SACRAMENTO, Calif. – Carrying rosary beads and cameras, the faithful have been coming in a steady stream to a church on the outskirts of Sacramento for a glimpse of what some are calling a miracle: a statue of the Virgin Mary they say has begun crying a substance that looks like blood.
It was first noticed more than a week ago when a priest at the Vietnamese Catholic Martyrs Church spotted a stain on the statue’s face and wiped it away. Before Mass on Nov. 20, people again noticed a reddish substance near the eyes of the white concrete statue outside the small church, said Ky Truong, 56, a parishioner.
Since then, Truong said he has been at the church day and night, so emotional that he can’t work. He believes the tears are a sign.
“There’s a big event in the future – earthquake, flood, a disease,” Truong said. “We’re very sad.”
On Saturday, tables in front of the fenced-in statue were jammed with potted plants, bouquets of roses and candles. Some people prayed silently, while others sang hymns and hugged their children. An elderly woman in a wheelchair wept near the front of the crowd.
A red trail could be seen from the side of the statue’s left eye to about halfway down the robe of concrete.
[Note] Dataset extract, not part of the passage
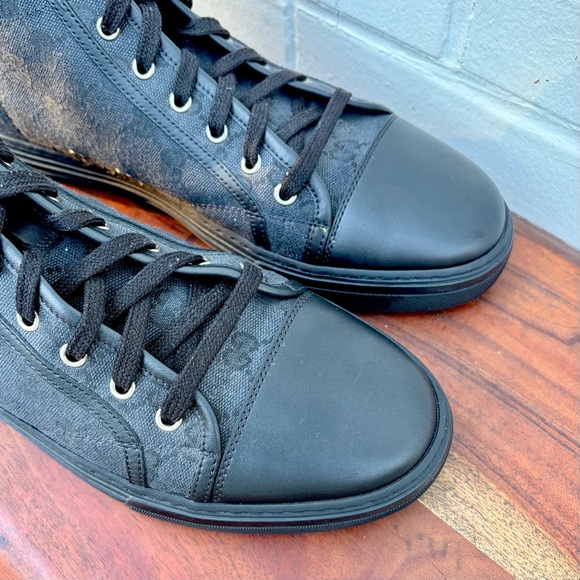 Gucci *AUTHENTICATED* GG High ‘Logo Print’ Black Canvas Sneakers, Men’s SZ 9 - Picture 9 of 16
“I think that it’s incredible. It’s a miracle. Why is she doing it? Is it something bothering her?” asked Maria Vasquez, 35, who drove with her parents and three children from Stockton, about 50 miles south of Sacramento.
Thousands of such incidents are reported around the world each year. Most turn out to be hoaxes or natural phenomena.
The Rev. James Murphy, deacon of the diocese’s mother church, the Cathedral of the Blessed Sacrament, said church leaders are always skeptical at first.
“For people individually seeing things through the eyes of faith, something like this can be meaningful. As for whether it is supernatural or a miracle, normally these incidences are not. Miracles are possible, of course,” Murphy said.